Using Emerging Science to Tackle Emerging Disease

A new course in bioinformatics teaches students with real-world data for training in an emerging scientific discipline

A computer-generated illustration of a coronavirus microbe

(Getty Images)

As we’ve all gotten very familiar with living our lives virtually, a new course lets students learn more about the epidemiology of infectious diseases like COVID-19 without ever stepping foot in a lab.

Dong-Hun Lee, assistant professor of pathobiology and veterinary science in the College of Agriculture, Health and Natural Resources, has created a course on bioinformatics in molecular epidemiology of infectious diseases that gives students practical skills in the use of bioinformatics technologies for infectious disease epidemiology. The course provides hands-on training in scientific computing and data analysis, so the students understand the enormous potential of bioinformatics and genomics in molecular epidemiology of infectious diseases.

Bioinformatics is a relatively new discipline that combines mathematics, data science, and biology to helps answer biological questions. It involves the development of software tools and algorithms to analyze and interpret biological data.

Two asian men seated looking at computer screens
Dong-Hun Lee assistant professor of pathobiology in the College of Agriculture, Health and Natural Resources with graduate student Junwon (Scott) Kim. (CAHNR photo)

“Bioinformatics, a computational biology approach, is central to biological research,” Lee says. “Because of a shortage of skilled biologists, both industry and public health sectors have been hard-pressed for trained graduates in computational biology, and as the field of biological and biomedical sciences has become increasingly data intensive, scientists must use a variety of computational tools to analyze, interpret, store, and share large amounts of biological data.”

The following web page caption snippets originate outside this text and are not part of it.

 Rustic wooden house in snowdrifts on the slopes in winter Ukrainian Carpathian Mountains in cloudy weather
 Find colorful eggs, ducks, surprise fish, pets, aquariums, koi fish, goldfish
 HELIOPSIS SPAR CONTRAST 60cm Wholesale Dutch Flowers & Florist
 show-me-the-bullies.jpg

Students will learn sequence analysis, database, alignment, phylogenetic analysis, and visualization. This will allow them to trace the development of infectious diseases, track mutations, and understand viral transmission. The course would be of interest to students from various majors from across UConn.

In a year where the country has been dealing with the COVID pandemic, advanced training for future infectious disease experts seems even more imperative. Lee drives home the relevance of the skills by emerging students in real data from infectious diseases that have disrupted society in recent years.

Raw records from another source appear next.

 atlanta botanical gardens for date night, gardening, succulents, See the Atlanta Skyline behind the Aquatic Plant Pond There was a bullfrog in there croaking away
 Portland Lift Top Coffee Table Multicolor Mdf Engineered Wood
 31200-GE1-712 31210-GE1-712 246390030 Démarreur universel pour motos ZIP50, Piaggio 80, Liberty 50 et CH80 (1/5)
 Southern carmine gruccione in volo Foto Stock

“I use real-world infectious diseases datasets, including COVID-19 and pandemic H1N1/2009 influenza virus, to teach students how to analyze the data for tracking their origin, evolution, and transmission,” Lee says.

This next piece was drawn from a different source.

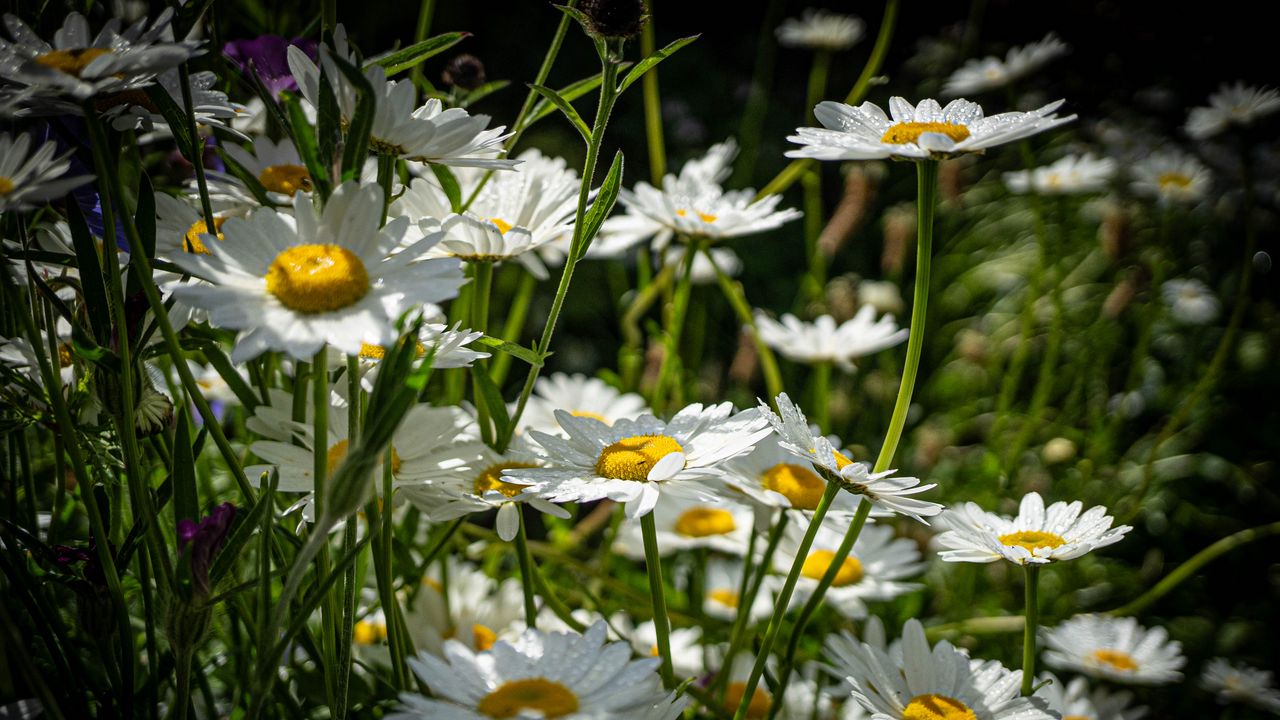 Wallpaper chamomiles, flowers, field, plants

Lee collected old hardware components from the UConn surplus and assembled them into more than twenty machines for basic bioinformatics analyses, cloud computing to supercomputer servers, and general bioinformatics teaching purposes. One of his goals is to teach students basic knowledge on computer assembly and configuration, open-source operating system installation, and software requirement for bioinformatics applications.

Lee points out that many of these innovative tools are filling gaps in knowledge. Traditional scientific publishing practices cannot handle rapid dissemination of data. This website provides real-time snapshots of a pathogen and is available to everyone from virologists and epidemiologists to public health officials. One such tool is Nextstrain, an online open-source project that uses genome data to monitor the evolution of viruses. This website provides real-time snapshots of a pathogen and is available to everyone from virologists and epidemiologists to public health officials. Nextstrain has been involved in following the COVID pandemic, tracking thousands of COVID-19 genomes to trace the outbreak and detect new mutations.

“This technology is transforming how laboratories diagnose and further characterize pathogens,” he explains. “Interdisciplinary combinations of genome sequencing, bioinformatics, and molecular epidemiology provide a platform to rapidly identify unknown or unexpected pathogens, identify the origins of an outbreak, and track spatiotemporal patterns of disease transmission. Much of this information would either remain unknown or take a very long time to reveal using traditional microbiology and epidemiology.”

During the pandemic when many classes went remote, Lee developed step-by-step demonstrations with screen captures to familiarize students with the technology. Students are able to use their laptops to analyze small genome sequencing data using bioinformatics tools such as the Galaxy platform, an online open-source scientific analysis platform that is used by tens of thousands of scientists across the world to analyze large genome datasets.

“Molecular epidemiology of infectious disease is still an emerging field,” he continues. “The goal of this course is to provide students with practical computational biology skills useful in infectious disease research to enable future biologists without specialized bioinformatics expertise to assemble and analyze viral genomes from sequencing data.”